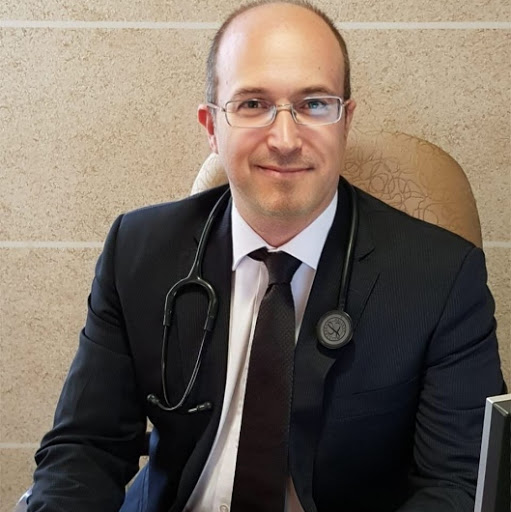 Dr. Andrés Lupian Sánchez, Gastroenterólogo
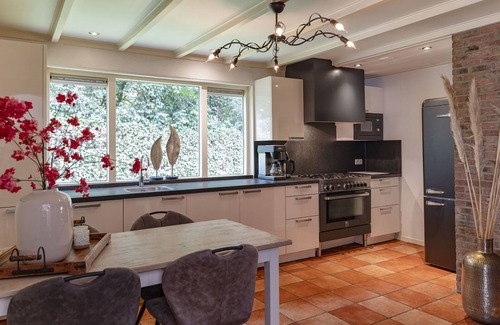 Losser House | Familieboerderij by Interhome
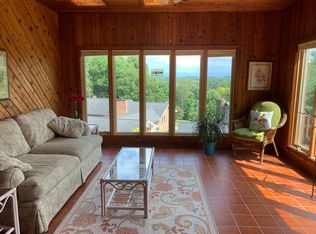 709 Douglas Dr, Johnson City, TN 37604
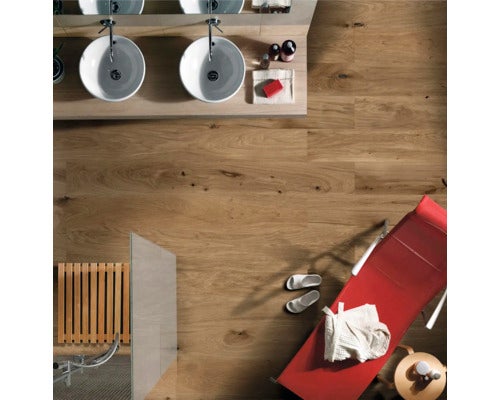 Ansicht von oben auf ein Badezimmer mit Holzboden, Waschbecken, Dusche und Liege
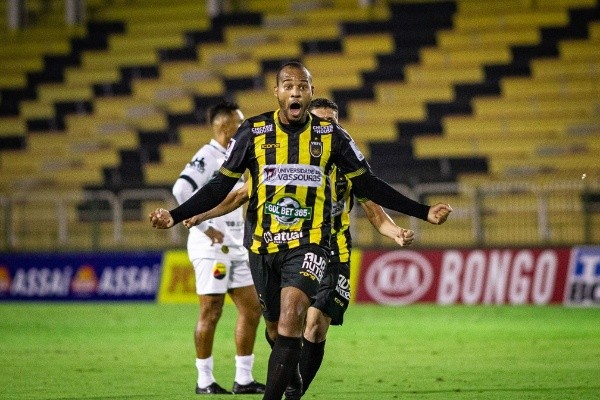 Olávio comemorando gol. (Foto: André Moreira/Volta Redonda) Olávio comemorando gol. (Foto: André Moreira/Volta Redonda)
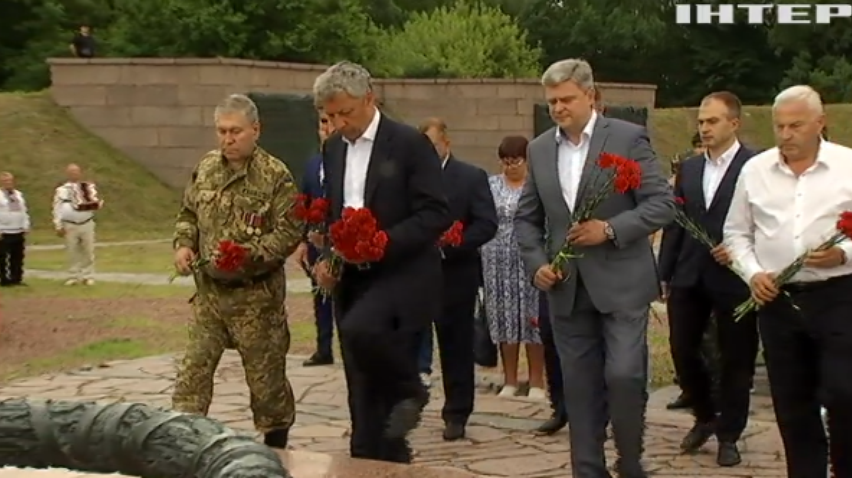 Представники "Опозиційної платформи - За життя" принесли квіти до братської могили на комплексі "Букринський плацдарм"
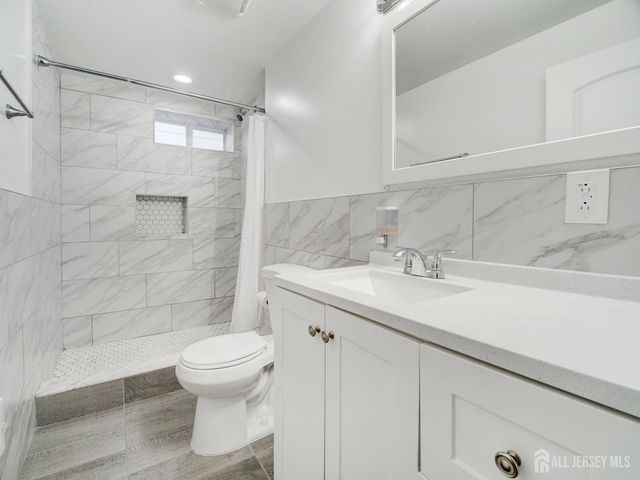 17 Thelma Court, Colonia, NJ 07067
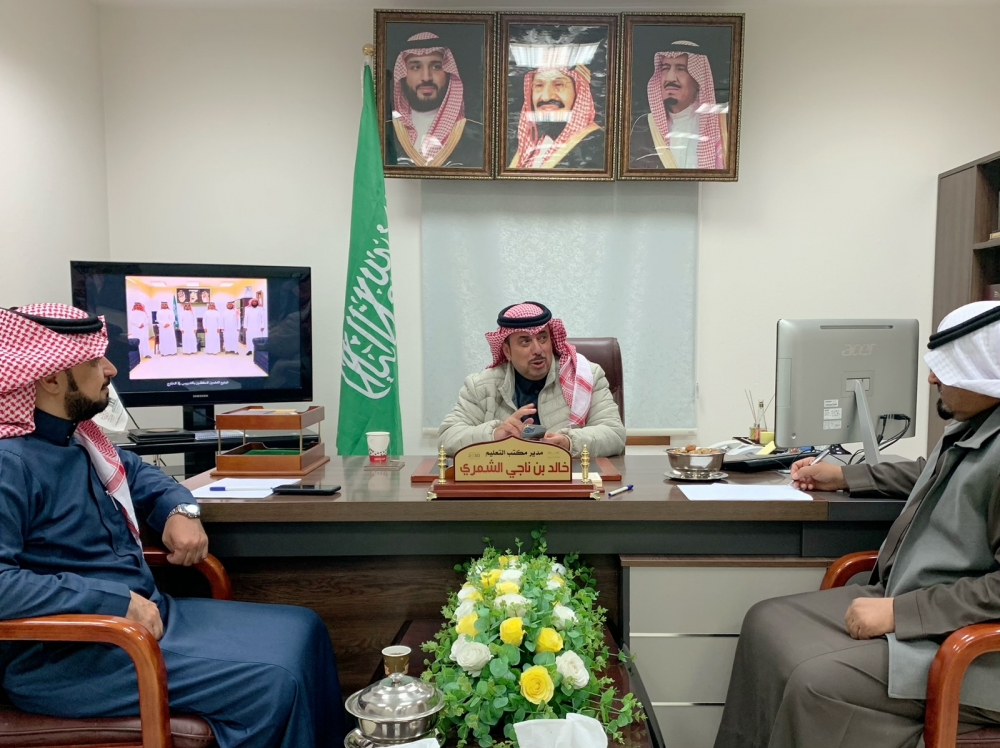 مدير الإشراف التربوي بتعليم الحدود الشمالية يعقد اجتماع بمدارء مكاتب التعليم بالمنطقة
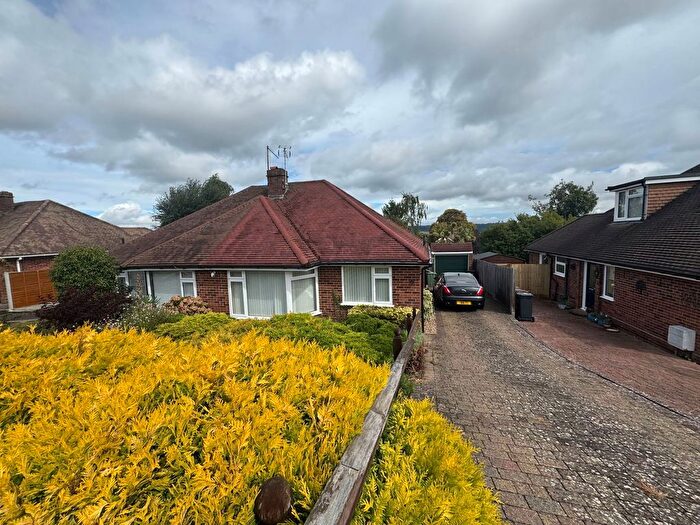 2 Bedroom Semi-detached House For Sale In Maidstone, Kent, ME16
====================
## Task prompt
What is needed is a word-for-word repeat of every line from the line with "Moreira/Volta Redonda) Olávio" to the end of the entries above; leave out the pictures.

## Task response
 Olávio comemorando gol. (Foto: André Moreira/Volta Redonda) Olávio comemorando gol. (Foto: André Moreira/Volta Redonda)
 Представники "Опозиційної платформи - За життя" принесли квіти до братської могили на комплексі "Букринський плацдарм"
 17 Thelma Court, Colonia, NJ 07067
 مدير الإشراف التربوي بتعليم الحدود الشمالية يعقد اجتماع بمدارء مكاتب التعليم بالمنطقة
 2 Bedroom Semi-detached House For Sale In Maidstone, Kent, ME16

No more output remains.